Ptilotus davisii, commonly known as Davis's mulla mulla, is a species of flowering plant in the family Amaranthaceae and is endemic to the south-west of Western Australia. It is a perennial herb with hairy, linear to lance-shaped leaves, and hemispherical to spherical spikes of pink or magenta flowers.

== Description ==
Ptilotus davisii is a shrub that typically grows to 40–150 mm high and 50–200 mm wide and has several low-lying to erect, ribbed stems. The leaves at the base of the plants are linear to lance-shaped with the narrower end towards the base, 40–150 mm long and 0.5–7 mm wide and the stem leaves are linear to narrowly lance-shaped 10–30 mm long and 0.5–4 mm wide. The flower spikes are hemispherical to spherical, rarely oval, up to 10–35 mm long and 20–40 mm wide with brown or white egg-shaped bracts 6.8–9 mm long and 2.5–3.5 mm wide and bracteoles 6.2–11.5 mm long and 2.6–3.9 mm wide. The outer sepals are lance-shaped, 9–13.5 mm long and 1.1–2.1 mm wide and the inner sepals are lance-shaped, 8.2–14 mm long and 1.0–1.6 mm wide. There are three to five fertile stamens, up to two staminodes and the ovary is cone-shaped and glabrous.
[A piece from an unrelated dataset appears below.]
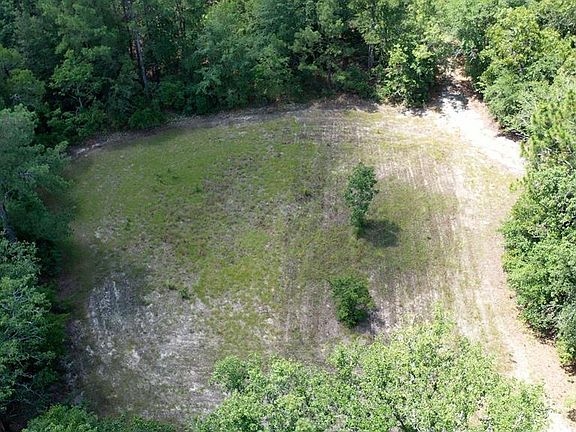 2nd image of 0 Huckleberry Finn Rd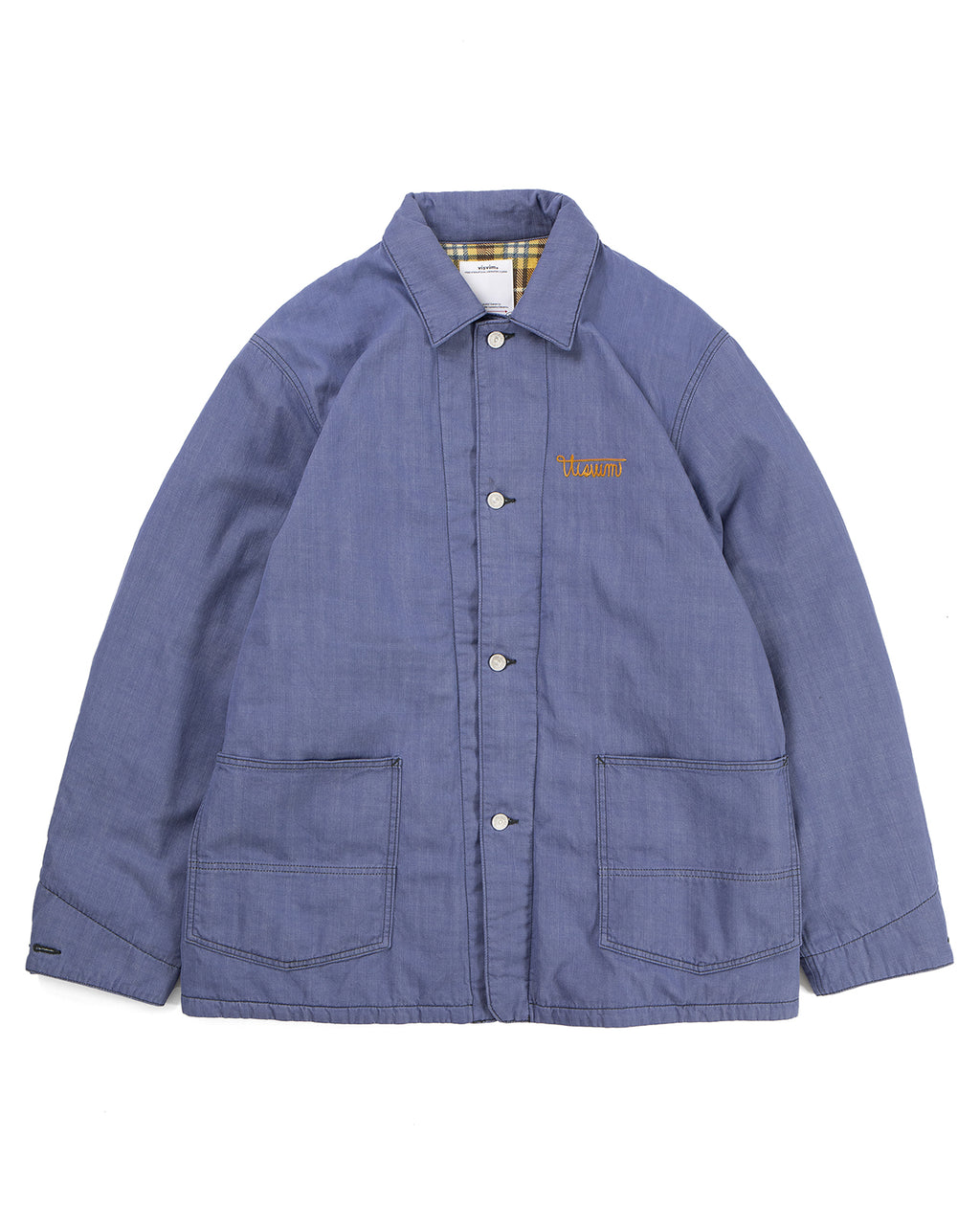 Visvim - Panchoandlefty.se – Pancho And Lefty - Online Store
Flowering has been observed from November to February.

==Taxonomy==
Ptilotus davisii was first formally described in 2020 by Timothy Andrew Hammer in the journal Swainsona from specimens collected near Woogenellup in 2018. The specific epithet (davisii) honours Robert Wayne Davis, a Western Australian botanist who has authored 16 species of Ptilotus.

==Distribution and habitat==
This species of Ptilotus has been collected on winter-wet plains, near creeks and in roadside drains, often in wandoo woodland and Melaleuca shrubland in the Avon Wheatbelt, Esperance Plains, Jarrah Forest and Mallee bioregions of south-western Western Australia.

==Conservation status==
Ptilotus davisii is listed as "not threatened" by the Government of Western Australia Department of Biodiversity, Conservation and Attractions.